Le Pôle éditions d’Ipsos indique que 2.300 exemplaires du livre ont été vendus depuis sa sortie. Un chiffre qualifié de "petit départ" par l’institut. Selon Datalib, qui recense les ventes de livres dans les libraires indépendantes, Le Bal des hypocrites se classe à la 14e place du palmarès des sept derniers jours dans la catégorie Essais et documents. Forcément décevant.
Au siège de Virgin Megastore France, on indique que sur les 800 exemplaires commandés, seuls 116 ont trouvé preneur mardi après-midi. Soit moins de 15% du stock. "L’effet est déjà retombé, les ventes sont en train de stagner, voire de baisser", indique le service communication du grand distributeur, où l’on impute cet échec relatif à l’actualité. "Le non-lieu au bénéfice de Dominique Strauss-Kahn est tombé le même jour que la mise en place du livre en magasin", rappelle-t-on.
Du côté de la Fnac, pas de chiffres, mais on évoque un démarrage "pas catastrophique, mais timide tout de même", surtout "par rapport au battage médiatique". D’autant, précisent les magasins de biens culturels, que le succès de ce genre d’ouvrages, à l’inverse des romans, se jauge souvent à l’aune des ventes des premiers jours.

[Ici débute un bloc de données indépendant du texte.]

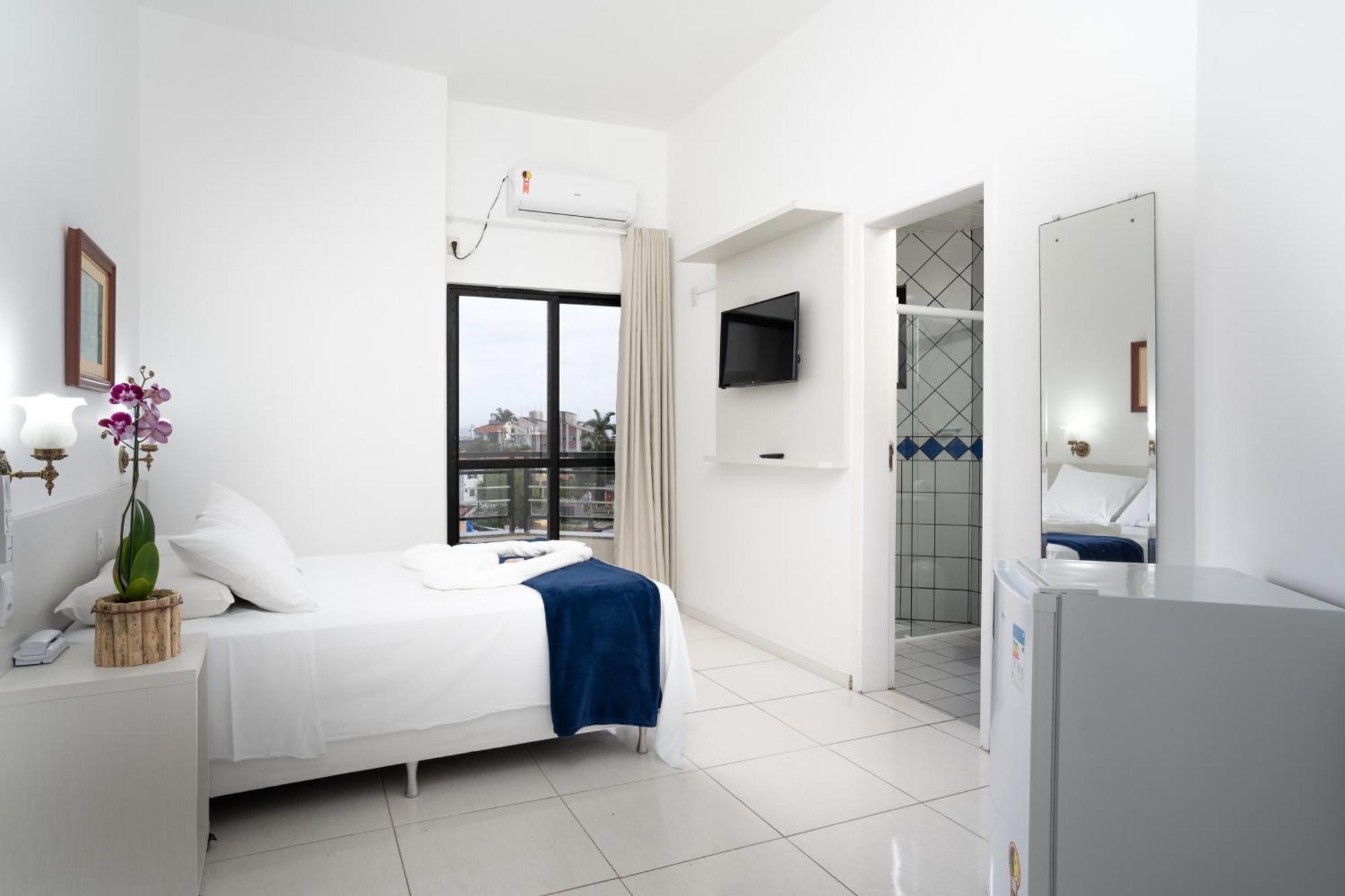 Boulevard Central Canasvieiras Hotel Florianopolis Bagian luar foto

"Enormément de courriers de lecteur"
Au Diable Vauvert, on relativise ce semi-échec. "Le livre vient de sortir, on ne juge pas en quelques jours", tempère Marion Mazauric, qui s’amuse que sa maison d’édition "soit vraiment observée de près dans cette affaire". Pour l’éditrice, "l’actualité a détourné les lecteurs potentiels du livre. Comme la presse est très présente, on a l’impression que Tristane Banon a beaucoup parlé, alors qu’elle ne s’est finalement que très peu exprimée."
Et puis, affirme Marion Mazauric, les retours sont excellents. "On a énormément de courriers de lecteur, plus de cinq lettres par jour", assure-t-elle. "Ce sont des lecteurs d’un peu partout, qui nous expriment leur soutien, voire des femmes qui ont été abusées sexuellement et qui nous remercient", précise l’éditrice.
Une éditrice qui continue de défendre le livre avec ferveur. "Evidemment, il y a un risque de retours d'invendus, mais on a confiance, car c’est un livre très, très fort, très beau, bouleversant", affirme encore Marion Mazauric. "On comprend tout, on comprend pourquoi Tristane Banon ne voulait pas parler, on comprend finalement pourquoi elle y est allé en craignant ce qui est arrivé. On voit ce que c’est que d’être victime d’une violence sexuelle, et d’être clouée au pilori médiatique. Etre une partie de l’affaire DSK, ce n’est pas un cadeau", soupire l’éditrice, qui conclut : "Quand on l’a lu, on se dit : 'c’est un bouquin qui va rester'."